### WHAT IS NEEDED
Would you restate, word for word, only the lines starting at the one with "1st image of 13918 Saint Marys Ln" and ending with the final line of the entries below? Pictures stay out.

Top of MATERIAL FOR THIS EXERCISE

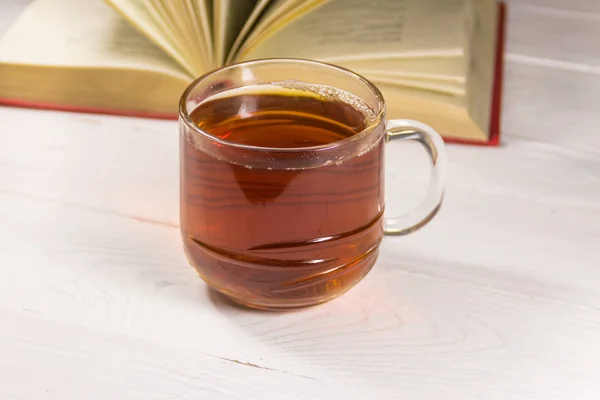 Tasse Thé Livre Sur Table Bois Blanc — Photo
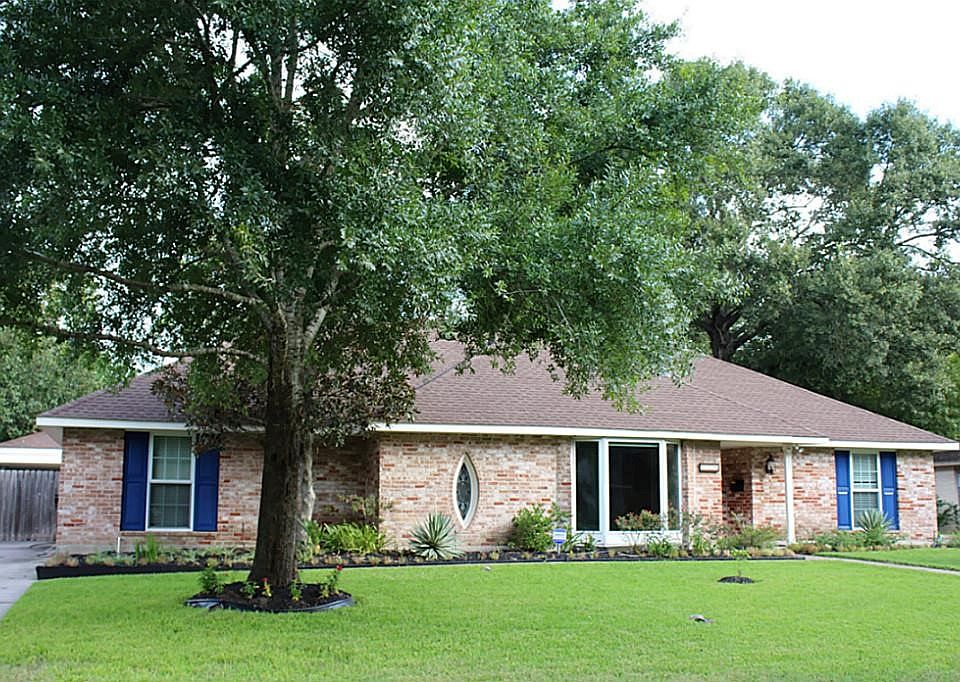 1st image of 13918 Saint Marys Ln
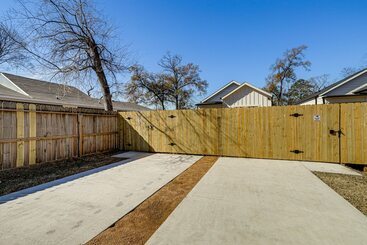 Modern Houston Vacation Rental, 8 Mi To Downtown!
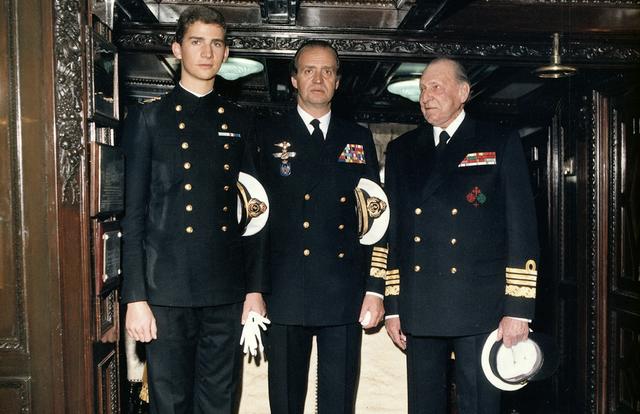 莱蒂齐亚穿长裙,莱蒂齐亚最新着装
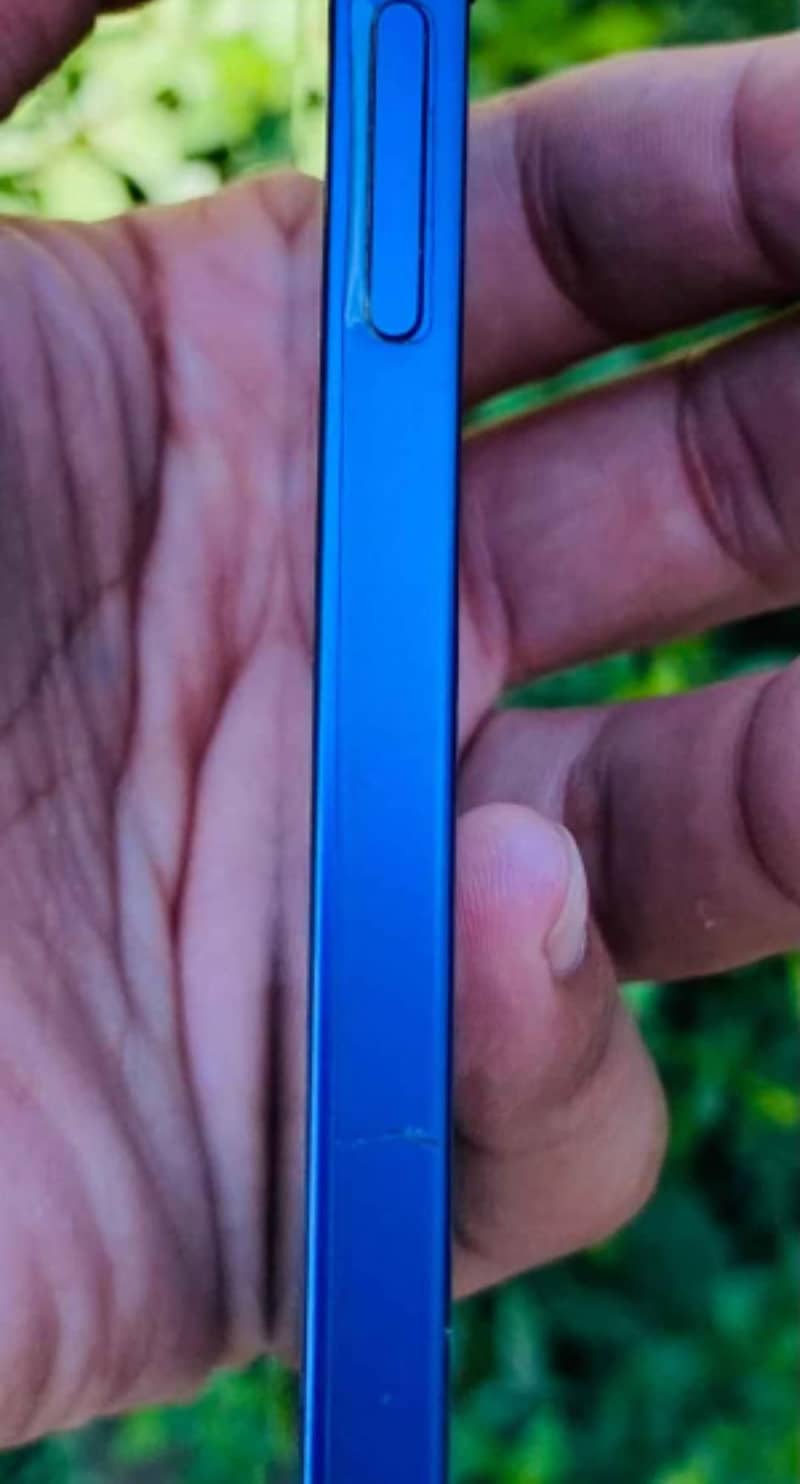 Apple iPhone 12 4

Bottom of MATERIAL FOR THIS EXERCISE

### EXERCISE SOLUTION
 1st image of 13918 Saint Marys Ln
 Modern Houston Vacation Rental, 8 Mi To Downtown!
 莱蒂齐亚穿长裙,莱蒂齐亚最新着装
 Apple iPhone 12 4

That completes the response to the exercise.